Father in law took husband yesterday for the whole day. He picked husband up around 9 and did not bring him back until 3:30. Ask me how my day was. Come on, I know you're dying to ask. Well, it was..............................
I was in my zone. I did not speak a word, (well, except to the dogs, but they don't talk back) the phone rang a few times, I took a long, hot shower and the rest of the day I did nothing. Absolutely, nothing. Can we all say AMEN?
I love my husband. I love caring for him. I love making sure he is comfortable, happy and making him special meals. However, when he is in his own world, it drains the life out of me. This disease has taken over my entire being. It's suffocating me.
While husband was gone, I played a game with myself. I play pretended that husband was well and at work. I was a stay at home mom, taking care of her household. I wanted to feel what "normal" felt like again. I had to "go there", just to feel alive again, feel what I used to feel like.
Jack came home from school, we talked about his day, I told him what I was making for dinner. It all felt so normal, almost real. Almost.
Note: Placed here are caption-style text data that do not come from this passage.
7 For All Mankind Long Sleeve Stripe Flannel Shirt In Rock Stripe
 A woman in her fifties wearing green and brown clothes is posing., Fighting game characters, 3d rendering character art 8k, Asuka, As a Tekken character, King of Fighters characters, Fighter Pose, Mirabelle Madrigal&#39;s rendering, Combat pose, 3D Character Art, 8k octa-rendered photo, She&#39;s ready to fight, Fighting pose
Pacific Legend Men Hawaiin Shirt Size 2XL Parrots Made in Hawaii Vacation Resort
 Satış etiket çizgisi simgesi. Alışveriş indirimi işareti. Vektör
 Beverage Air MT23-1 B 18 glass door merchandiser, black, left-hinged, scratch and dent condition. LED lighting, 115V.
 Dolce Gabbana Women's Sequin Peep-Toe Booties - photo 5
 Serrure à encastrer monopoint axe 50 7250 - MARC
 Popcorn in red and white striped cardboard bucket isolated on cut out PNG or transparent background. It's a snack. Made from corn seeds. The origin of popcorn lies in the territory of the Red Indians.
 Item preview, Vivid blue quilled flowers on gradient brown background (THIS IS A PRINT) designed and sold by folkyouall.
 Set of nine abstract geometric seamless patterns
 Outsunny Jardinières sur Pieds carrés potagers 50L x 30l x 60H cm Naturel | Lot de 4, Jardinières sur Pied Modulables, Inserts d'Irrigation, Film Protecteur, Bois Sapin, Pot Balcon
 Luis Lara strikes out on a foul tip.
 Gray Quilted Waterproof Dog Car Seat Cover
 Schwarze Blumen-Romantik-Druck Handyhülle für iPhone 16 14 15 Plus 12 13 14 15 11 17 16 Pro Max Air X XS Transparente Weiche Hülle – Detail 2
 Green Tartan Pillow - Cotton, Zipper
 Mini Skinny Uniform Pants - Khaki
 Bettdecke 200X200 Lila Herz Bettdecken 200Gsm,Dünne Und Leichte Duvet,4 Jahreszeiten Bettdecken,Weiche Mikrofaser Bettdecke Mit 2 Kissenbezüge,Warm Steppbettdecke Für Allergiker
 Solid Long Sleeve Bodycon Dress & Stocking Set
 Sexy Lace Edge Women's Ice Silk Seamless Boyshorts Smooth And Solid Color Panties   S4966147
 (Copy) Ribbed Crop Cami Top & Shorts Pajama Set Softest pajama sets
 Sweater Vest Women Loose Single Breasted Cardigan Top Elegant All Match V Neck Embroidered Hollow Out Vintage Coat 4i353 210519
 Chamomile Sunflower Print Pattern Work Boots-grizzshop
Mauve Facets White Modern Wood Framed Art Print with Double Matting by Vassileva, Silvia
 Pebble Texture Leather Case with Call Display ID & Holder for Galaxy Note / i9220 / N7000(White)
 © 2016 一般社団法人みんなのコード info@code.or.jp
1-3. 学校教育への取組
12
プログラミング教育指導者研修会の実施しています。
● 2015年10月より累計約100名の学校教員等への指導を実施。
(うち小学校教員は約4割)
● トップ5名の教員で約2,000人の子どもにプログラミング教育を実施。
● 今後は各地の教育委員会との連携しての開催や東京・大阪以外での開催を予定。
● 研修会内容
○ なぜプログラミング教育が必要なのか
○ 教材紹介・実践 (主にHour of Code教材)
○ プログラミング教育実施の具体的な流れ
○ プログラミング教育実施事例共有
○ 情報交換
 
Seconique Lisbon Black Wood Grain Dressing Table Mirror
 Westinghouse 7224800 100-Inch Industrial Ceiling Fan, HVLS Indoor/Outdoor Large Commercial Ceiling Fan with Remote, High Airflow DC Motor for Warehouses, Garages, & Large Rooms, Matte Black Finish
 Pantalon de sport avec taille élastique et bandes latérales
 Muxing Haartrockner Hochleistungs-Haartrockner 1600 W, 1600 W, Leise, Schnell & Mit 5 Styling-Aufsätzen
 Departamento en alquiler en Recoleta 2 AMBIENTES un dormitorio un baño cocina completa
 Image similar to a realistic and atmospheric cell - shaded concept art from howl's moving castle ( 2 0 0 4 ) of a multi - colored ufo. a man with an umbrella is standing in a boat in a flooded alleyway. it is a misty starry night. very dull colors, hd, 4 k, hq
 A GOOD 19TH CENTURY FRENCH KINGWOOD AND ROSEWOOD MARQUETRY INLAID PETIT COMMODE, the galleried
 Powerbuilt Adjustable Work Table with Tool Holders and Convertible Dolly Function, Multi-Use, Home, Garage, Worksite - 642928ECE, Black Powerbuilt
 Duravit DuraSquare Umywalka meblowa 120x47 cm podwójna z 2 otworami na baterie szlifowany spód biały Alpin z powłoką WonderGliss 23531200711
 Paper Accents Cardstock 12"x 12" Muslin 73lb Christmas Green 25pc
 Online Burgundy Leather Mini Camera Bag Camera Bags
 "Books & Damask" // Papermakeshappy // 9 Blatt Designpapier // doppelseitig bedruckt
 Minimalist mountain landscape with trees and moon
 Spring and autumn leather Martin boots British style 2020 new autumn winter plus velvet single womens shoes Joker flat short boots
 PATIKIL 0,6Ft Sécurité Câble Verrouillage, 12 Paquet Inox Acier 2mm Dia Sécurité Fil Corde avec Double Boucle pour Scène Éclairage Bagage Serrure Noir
Husband got home, I visited with father in law, Jack visited with his grandpa. Father in law left. As I was cooking dinner, I asked husband if he had eaten at his dad's.
He looked at me with that blank look, scratched his head, looked around the room, cleared his throat, looked back at me and said, "I don't remember."
Like a splash of ice cold water, I was back in my "real" life. Here it is, I thought. Welcome back to reality.